BPDB and GE have signed a MoU for 3,600 MW of LNG based power plant at Maheshkhali. Both sides are now working on signing the final agreement. Around 500 MMCFD gas will be required for this plant. The primary target is the commitment of gas supply from Petrobangla.

 

Land Based LNG Terminal

One 500 MMCFD capacity FSRU has come into operation at Maheshkhali from October 2018. Another FSRU of Summit Bangladesh is expected to come into operation from April 20, 2019. But the present Maheshkhali-Anowara pipeline cannot evacuate more than 650 MMCFD. GTCL is assuring about completing construction of Maheshkhali–Anowara 42 inches OD, 90km parallel pipeline by June 2019. But RPGCL does not agree with GTCL claim. Petrobangla has decided not to proceed with works of other four FSRUs. Petronet India initiative for a land based LNG terminal at Kutubdia has also been abandoned following objection of Bangladesh Navy although they completed feasibility study for this.

 

In this backdrop, RPGCL on behalf of Petrobangla has initiated action for a land-based LNG terminal at Matarbari. Some 47 acres of land has been allotted for it. It is expected that by using the Matarbari channel, this land-based terminal can be brought into operation by 2023. Engr. Kamruzzaman, RPGCL MD, informed the EP that starting with a capacity of 1,000 MMCFD the capacity would eventually be enhanced to 3,000 MMCFD. He also said that RPGCL would give priority to joint venture of local and foreign companies for investing in this terminal. Expression of Interest for BOOT basis project implementation has been announced. The last date of submission of the EOI is June 20, 2019.

 

It is expected that this land-based terminal would supply RLNG for the planned 4,200 MW LNG based power plant at Matarbari, Maheshkhali.

 

Deep Seaport

Upon request of the Bangladesh government, JICA has commenced a study on the prospect of a deep-sea port at Matarbari channel.
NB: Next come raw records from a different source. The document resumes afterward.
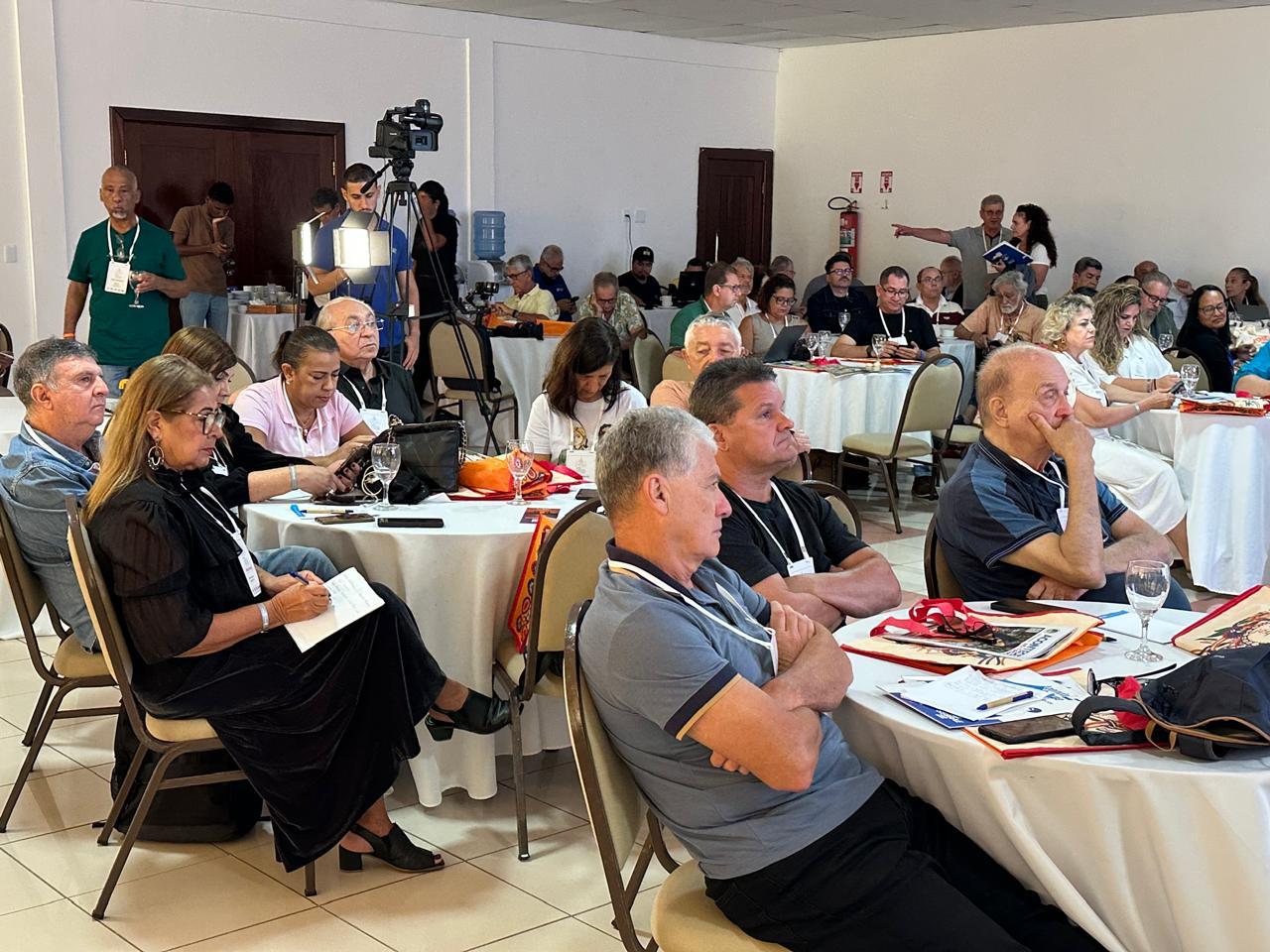 Jornalistas em Porto Seguro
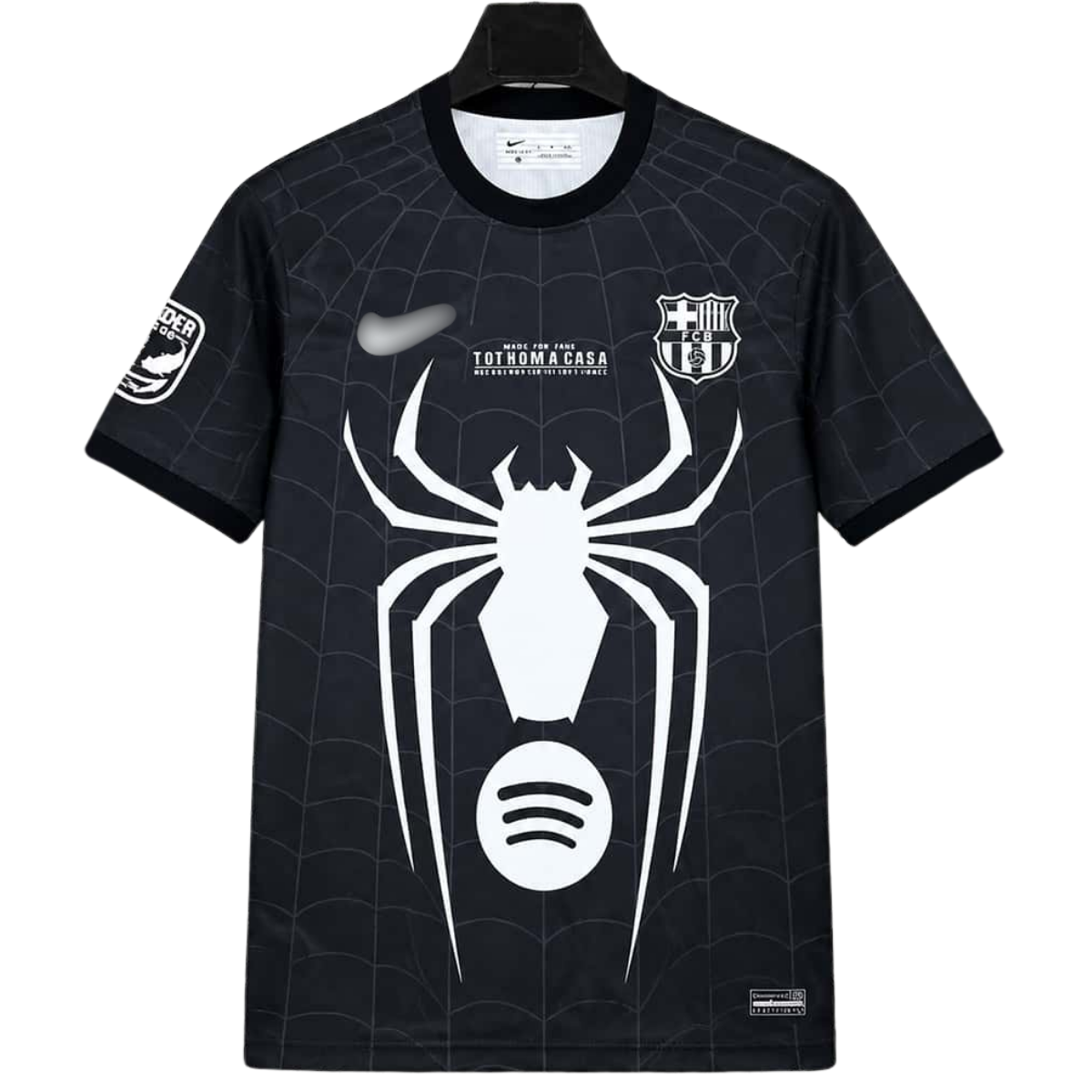 Barcelona Black x Spider Man Venom dres - 2026/27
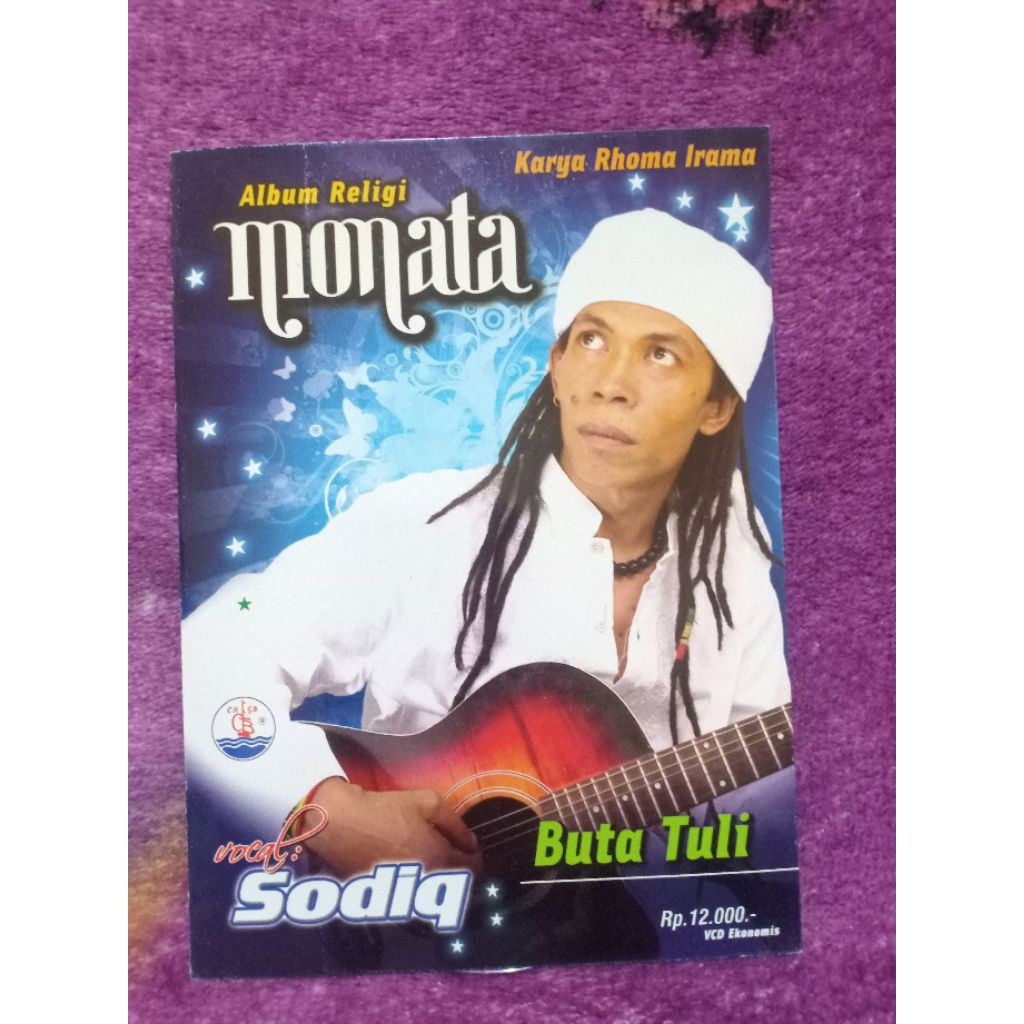 VCD OM MONATA RELIGI BUTA TULI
Around 1,600 acres of land has been acquired besides the under-construction port-connecting channel. Relevant sources expected that JICA would submit report by the end of this year. Only then it could be known when the deep-sea port construction can be started and completed for operation.

 

JICA has recently conducted a seminar on their study. It has been stated that Matarbari-Maheshkhali must come under a comprehensive plan as a prelude to deep-sea port construction. Without considering a deep-sea port in the region, the implementation of so many imported coal-based power plant and LNG import terminals has already become an issue. The JICA presentation evidenced that Chittagong Port can now handle 2,500 twenty-foot equivalent units (TEUs) of containers annually. Colombo Port of Sri Lanka handles 19,200 TEUs, Jawharlal Neheru Port of India handles 13,100 TEUs and the capacity of Chennai Port is 6,800 TEUs. JICA proposed to set up 8,000 TEUs deep-sea port at Matarbari. This will be similar to Kashima and Nigata (East) port of Japan.

 

Conclusion

The Matarbari-Maheshkhali twin islands are undoubtedly growing as the principal energy hub of Bangladesh. It started with a US$ 4.6 billion worth 1,200 MW imported power plant under a comprehensive plan, inclusive of coal import facilities. The greatest achievement of this project is going to be 14.3 km long 250 meters wide and 18.5-meter deep channel connecting Matarbari with deep water and the CTT that will be developed along it. This would be used for importing and supplying coal to all coal power plants to be constructed in the region. Land based LNG terminal is also being constructed using this channel. This would make major contribution in LNG import for meeting the growing deficit of natural gas supply. Moreover, a deep seaport would also be constructed along the channel. This channel would also make possible for importing and supplying coal and LNG for power plants planned at Maheshkhali. Well crafted planning and efficient investment in projects in the two islands would ensure secure and sustainable supply of energy to Bangladesh.